Supplied data:
▶

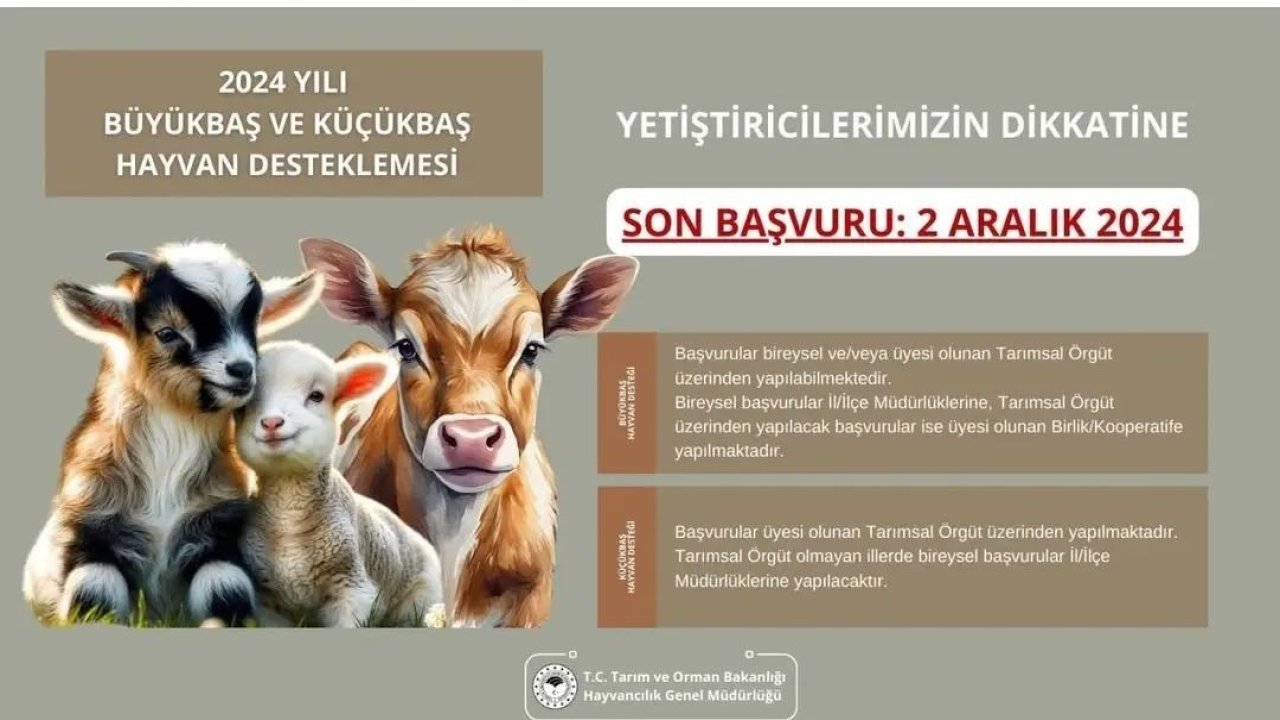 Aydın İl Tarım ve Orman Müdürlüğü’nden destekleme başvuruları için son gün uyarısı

◀
▶

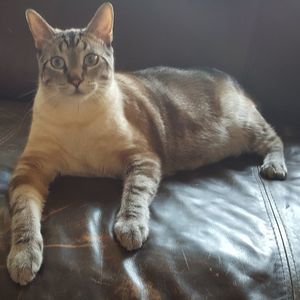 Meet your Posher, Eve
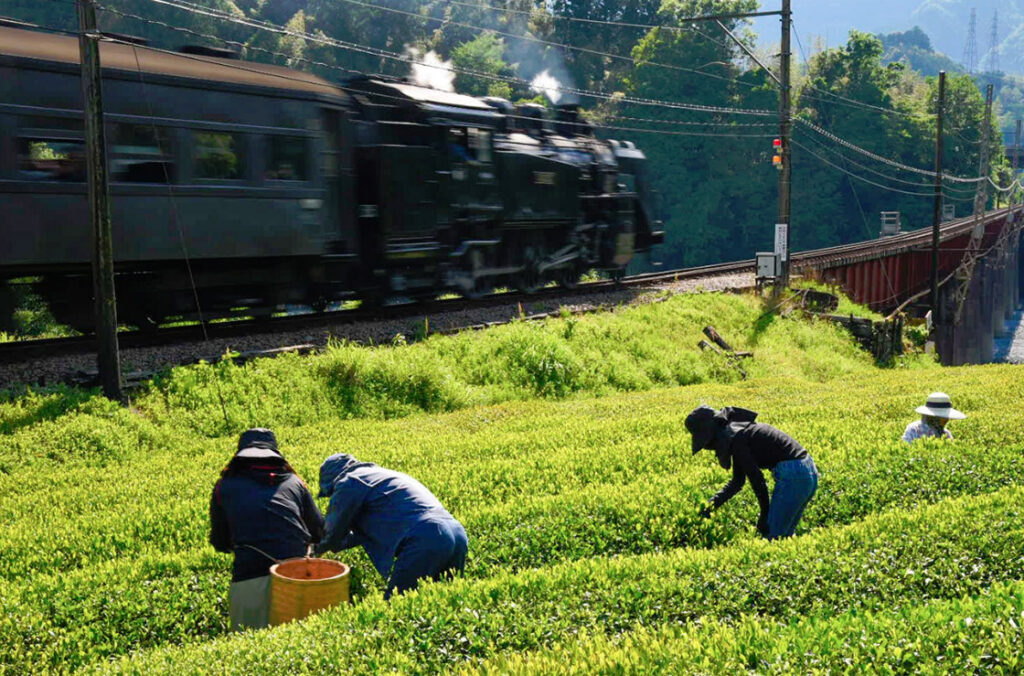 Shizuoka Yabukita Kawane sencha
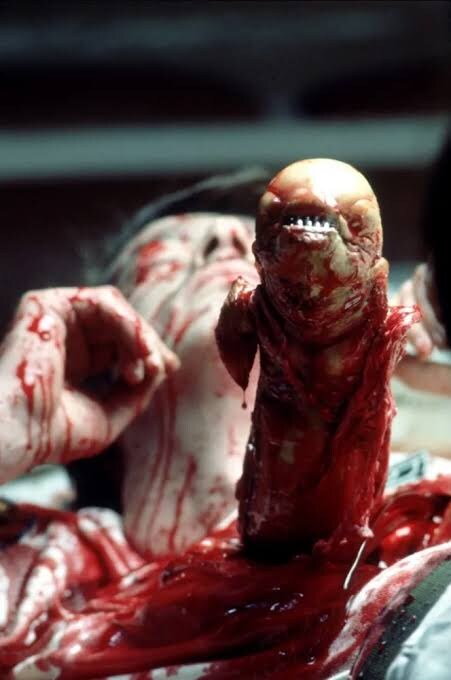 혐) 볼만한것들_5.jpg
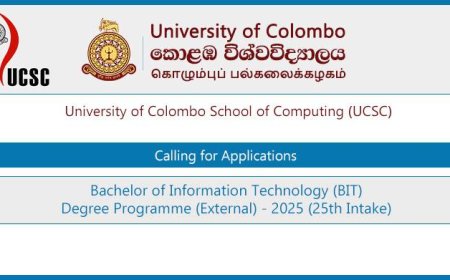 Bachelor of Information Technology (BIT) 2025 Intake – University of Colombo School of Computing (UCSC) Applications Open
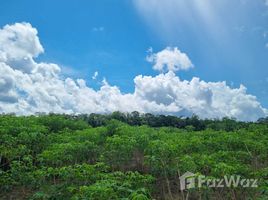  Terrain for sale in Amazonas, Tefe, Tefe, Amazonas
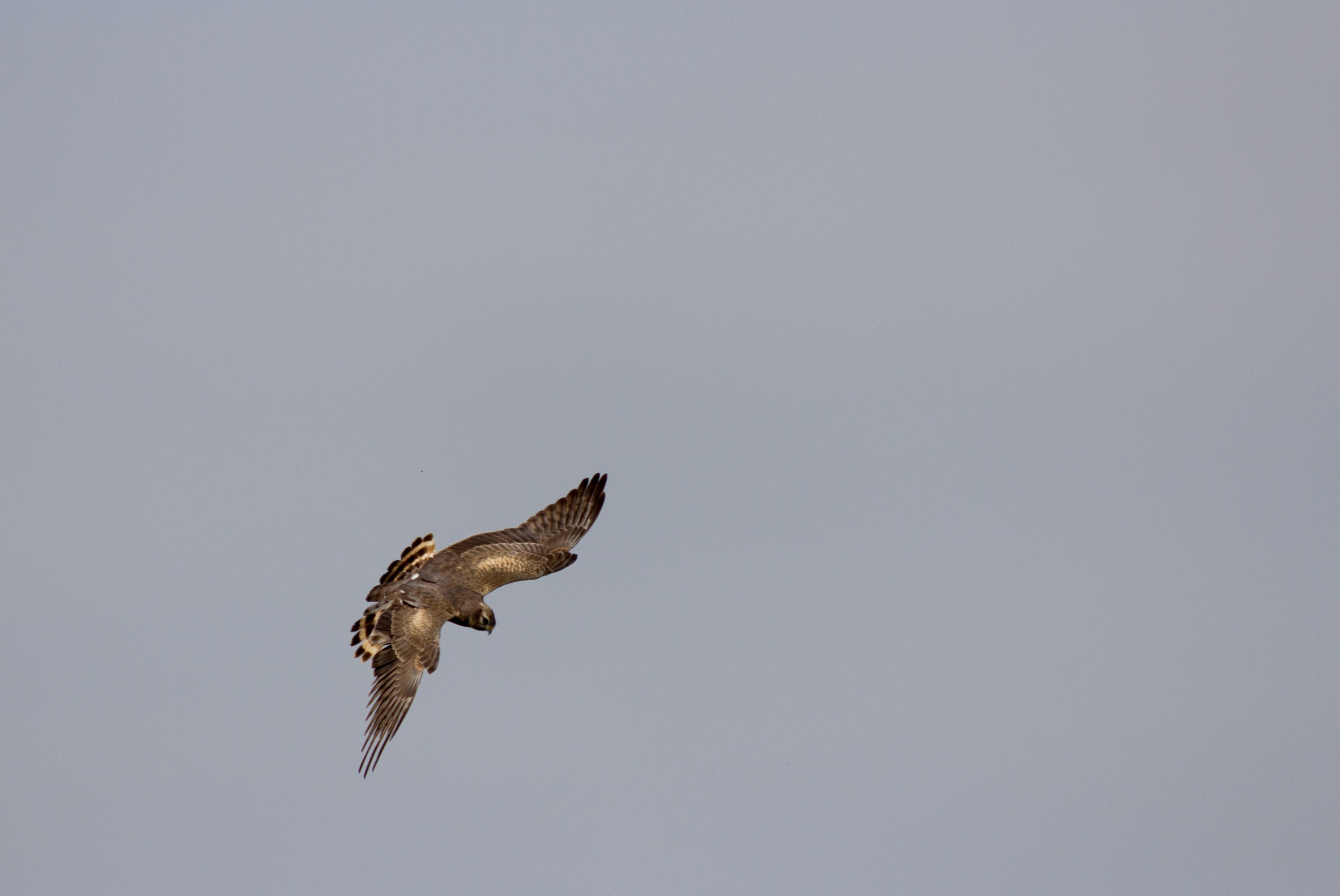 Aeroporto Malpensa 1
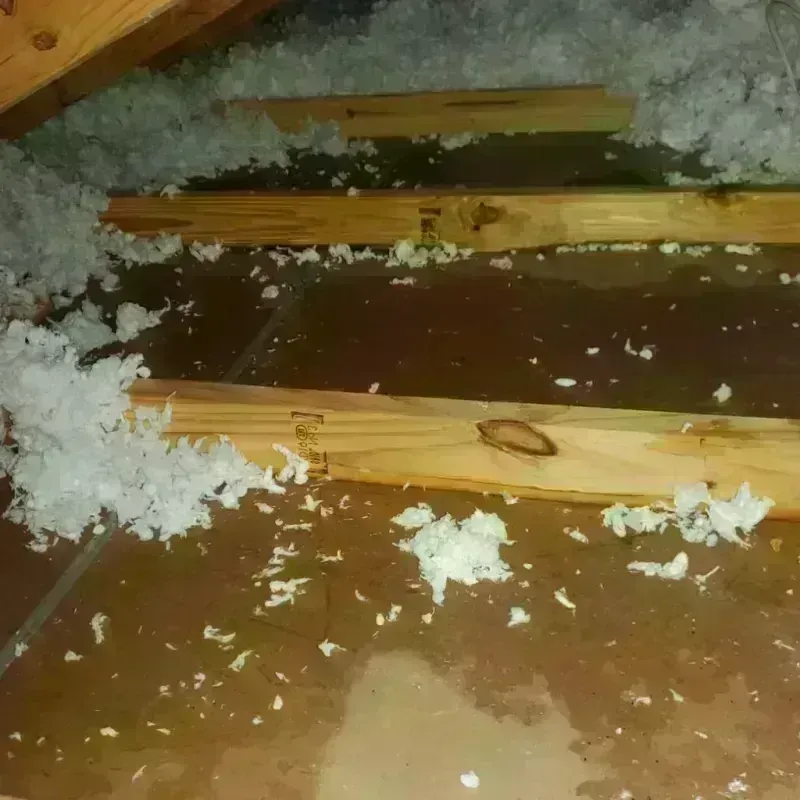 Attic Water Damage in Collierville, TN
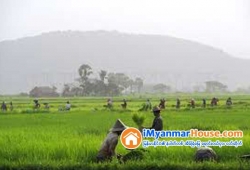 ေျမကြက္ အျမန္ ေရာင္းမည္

◀
▶

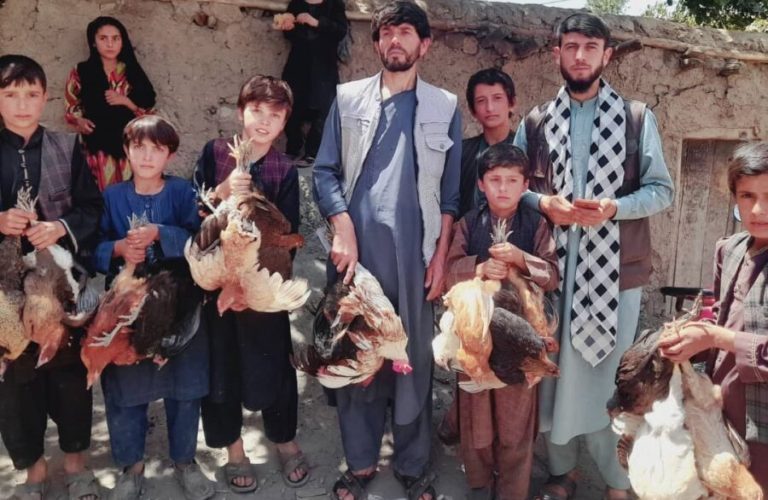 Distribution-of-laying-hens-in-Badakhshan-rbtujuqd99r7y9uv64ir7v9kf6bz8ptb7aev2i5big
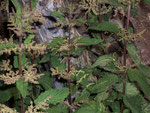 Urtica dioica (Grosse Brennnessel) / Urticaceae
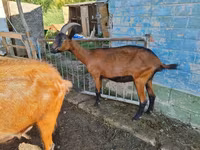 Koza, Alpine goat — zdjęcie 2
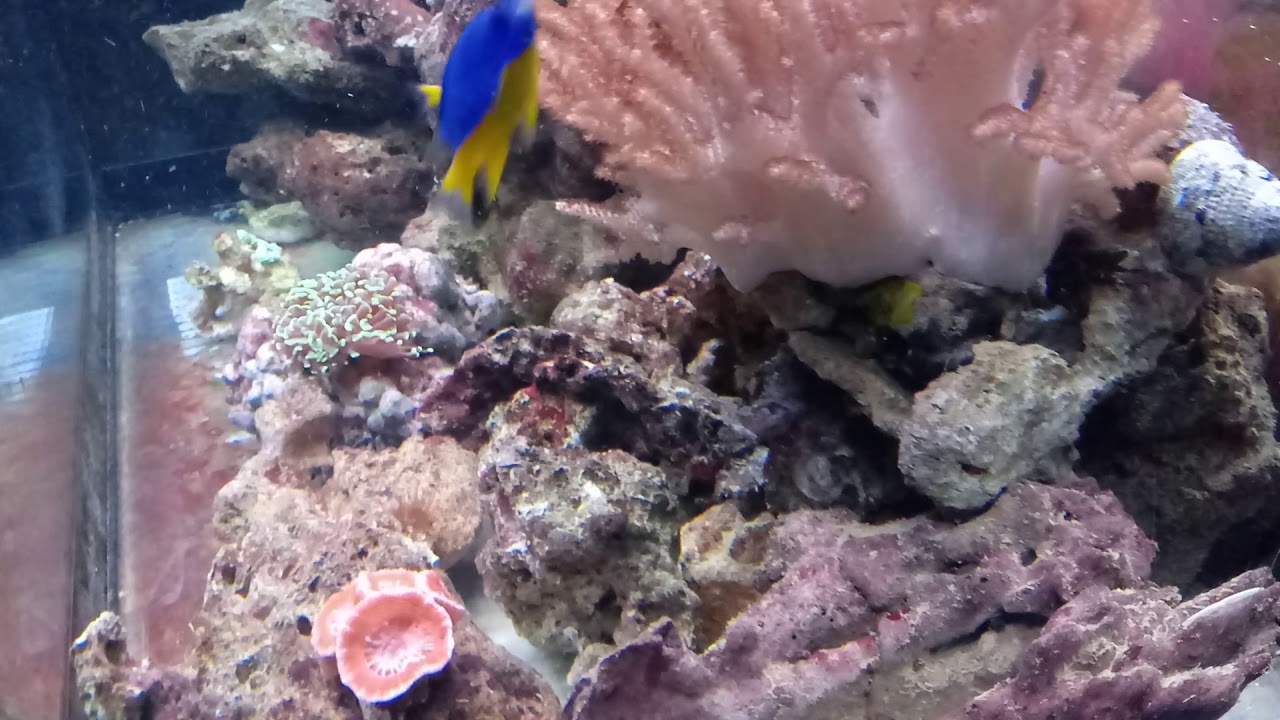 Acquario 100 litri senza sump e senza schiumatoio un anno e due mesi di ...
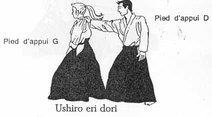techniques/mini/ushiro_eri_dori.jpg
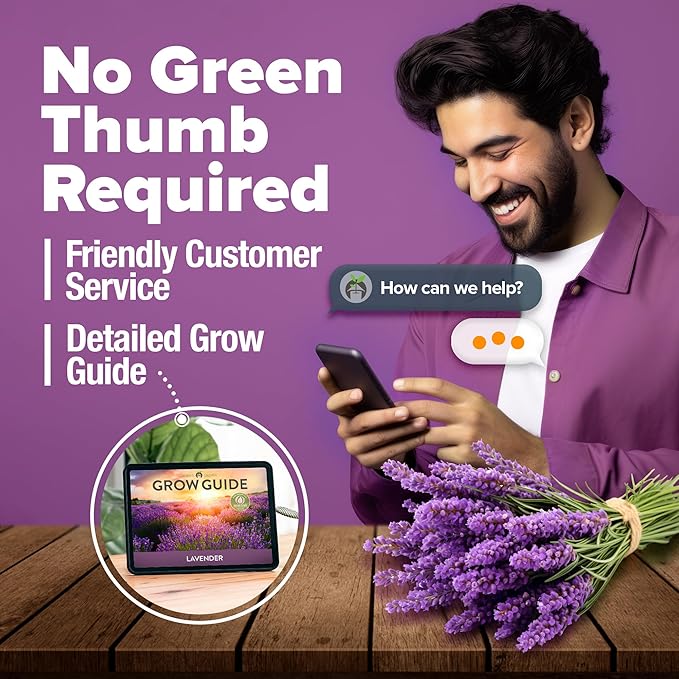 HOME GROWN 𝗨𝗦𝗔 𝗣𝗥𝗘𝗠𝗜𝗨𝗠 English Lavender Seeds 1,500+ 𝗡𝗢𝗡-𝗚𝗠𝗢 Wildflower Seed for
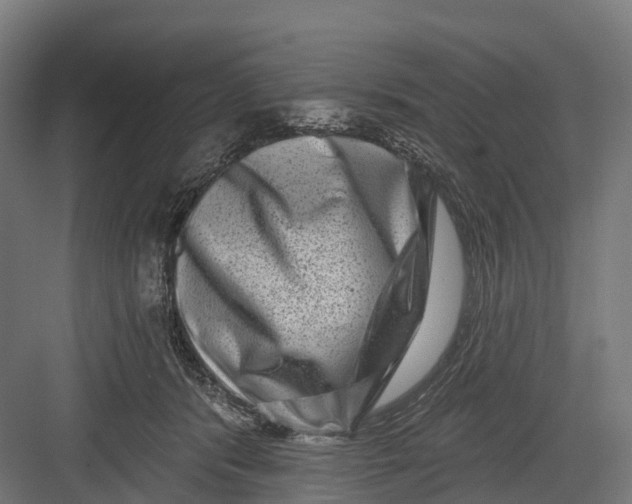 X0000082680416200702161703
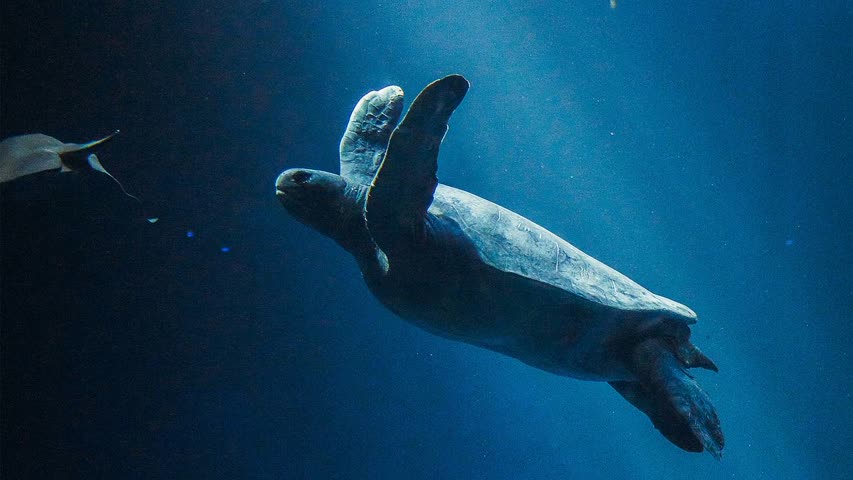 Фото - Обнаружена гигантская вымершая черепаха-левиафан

◀

What you will do:
When you reach the line that has "techniques/mini/ushiro_eri_dori.jpg" in the data above, start repeating lines exactly, and stop after the line that has "Фото - Обнаружена"; pictures stay out.

Result of the task:
techniques/mini/ushiro_eri_dori.jpg
 HOME GROWN 𝗨𝗦𝗔 𝗣𝗥𝗘𝗠𝗜𝗨𝗠 English Lavender Seeds 1,500+ 𝗡𝗢𝗡-𝗚𝗠𝗢 Wildflower Seed for
 X0000082680416200702161703
 Фото - Обнаружена гигантская вымершая черепаха-левиафан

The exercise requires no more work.